Cancellata la performance di Bifo su Auschwitz e rifugiati a documenta 14. Ne è nato un dibattito
Dopo la cancellazione della performance Auschwitz on the Beach di Franco Berardi in arte Bifo dalla programmazione di documenta 14 a causa delle polemiche sollevate in Germania per l’accostamento della crisi dei profughi allo sterminio degli ebrei, presso il Federicianum a Kassel ha avuto luogo “Shame on us”, un dibattito pubblico sull’avanzata dei fascismi e la crisi dei migranti.
Auschwitz on the Beach è il titolo della performance del filosofo e attivista bolognese Franco Berardi Bifo che avrebbe dovuto far parte della programmazione pubblica di documenta14 ed essere eseguita lo scorso 24 agosto presso il Federicianum a Kassel. La performance avrebbe affrontato il tema dell’avanzata dei nuovi fascismi in Europa e della tragica sorte di chi continua a morire nel tentativo di trovare la salvezza da guerre e miseria nel nostro continente. Avrebbe, perché il curatore della programmazione di documenta 14 Paul Preciado, il direttore artistico Adam Sczymczyk e lo stesso Franco Berardi hanno deciso di cancellare la performance a causa delle enormi polemiche sollevate da politici, giornali tedeschi e centri di cultura ebraica.
I FATTI
Le critiche sono state infatti durissime. Charlotte Knobloch, presidente della comunità israeliana di Monaco e Oberbayern, in un articolo sulla Frankfurter Allgemeine Zeitung, ha definito Auschwitz on the Beach “un’operazione grottesca”. Secondo Knobloch “inserire il dibattito sui rifugiati nel contesto dello sterminio sistematico degli ebrei è insostenibile e testimonia una incredibile ignoranza e mancanza di pudore. L’olocausto è un crimine singolare e senza precedenti. Ogni relativizzazione deve essere vietata”. Sull’ Hessischen/Niedersächsischen Allgemeinen, il sindaco di Kassel Christian Geselle ha descritto il titolo della performance come “una mostruosa provocazione”. Persino il ministro della cultura tedesco Boris Rhein è intervenuto nel dibattito, definendo la performance di Franco Berardi “di cattivo gusto”. Geselle e Rhein hanno inoltre chiesto alla procura di Kassel di intervenire sul caso e disporre la cancellazione dell’evento, la quale tuttavia non ha ritenuto di dover procedere in questa direzione.
LE RAGIONI DI BIFO
Il titolo della performance era evidentemente e volutamente provocatorio.

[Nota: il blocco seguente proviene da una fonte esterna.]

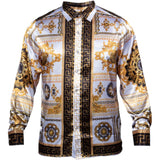 Prestige Luxury Shirt (White) 354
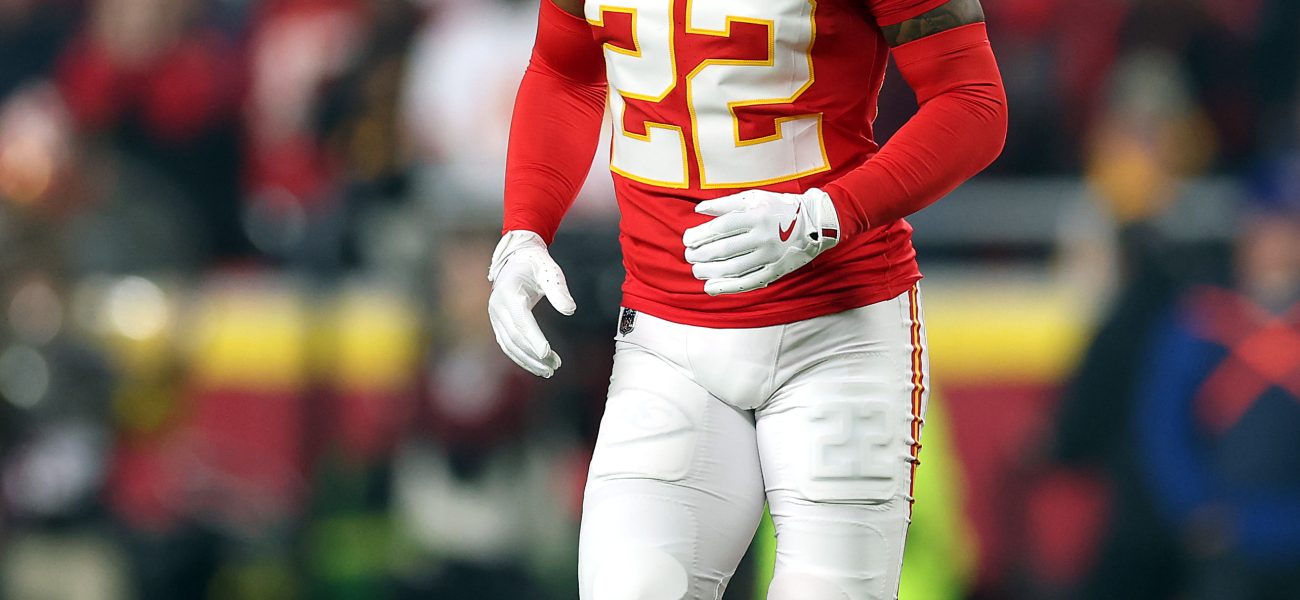 Chiefs Gamble on Future, Unload Star Cornerback in Blockbuster Trade Chiefs Gamble on Future, Unload Star Cornerback in Blockbuster Trade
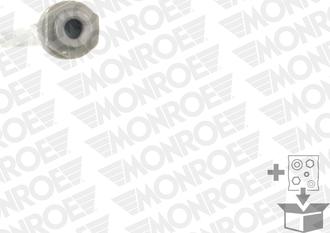 Monroe L15206 - Articulación axial, barra de acoplamiento parts5.com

Bifo si è difeso dalle accuse che gli sono state rivolte, spiegando come la sua intenzione non fosse affatto quella di banalizzare o ridurre la portata catastrofica dell’olocausto, ma al contrario, quella di sottolineare l’altrettanta incommensurabilità della catastrofe che si sta compiendo sotto i nostri occhi: migliaia di donne e uomini annegati ogni anno nel Mediterraneo, accordi per il blocco del flusso dei migranti tra i governi europei e quelli di Ankara e di Tripoli, che imprigionano i migranti in veri e propri campi di concentramento, chiusura di frontiere tra gli stati europei e violenza della polizia nei confronti dei rifugiati. “Se, dopo molte esitazioni avevo deciso di usare l’espressione (certo provocatoria) Auschwitz on the beach” scrive Franco Berardi in un suo post su Facebook “lo avevo fatto perché quel nome mi pareva uno scudo, una protezione contro il pericolo (a mio parere sempre più attuale) che Auschwitz ritorni”.
UN DIBATTITO PUBBLICO INVECE DELLA PERFORMANCE
Con la capacità di sintesi che contraddistingue gli anglosassoni, il titolo dell’articolo apparso sul New York Times riassume efficacemente quanto accaduto: I rifugiati stanno subendo una “Auschwitz on the Beach”? La Germania dice di no. Tuttavia, nonostante Auschwitz on the Beach non abbia mai avuto luogo, o forse proprio per questo, la provocazione ha avuto il suo effetto e superata l’iniziale reazione di disapprovazione generale, l’intenso dibattito attorno alla questione ha portato molti a riflettere sull’effettiva gravità di ciò che sta accadendo e a chiedersi se effettivamente sia così fuori luogo paragonare i campi costruiti sulle coste libiche, in cui migranti sono imprigionati, torturati e violentati, ai lager nazisti. “Abbiamo dimenticato cosa significa la promessa ‘mai più Auschwitz’?”, si chiede Philippe Ruch del Zentrum für Politische Schönheit. Dopo la sua cancellazione, la performance Auschwitz on the Beach è stata sostituita da un dibattito pubblico dal titolo sicuramente meno provocatorio, ma decisamente più commovente: Shame on Us. L’evento che ha avuto luogo nel Parlament of Bodies presso il Federicianum ha visto una larghissima partecipazione e il coinvolgimento attivo anche di esponenti delle associazioni ebraiche che avevano chiesto la cancellazione della performance. Shame on Us è stato un atto di autoaccusa collettivo, dal quale si è levato un appello per fermare lo sterminio in atto di cui noi europei siamo vergognosamente corresponsabili.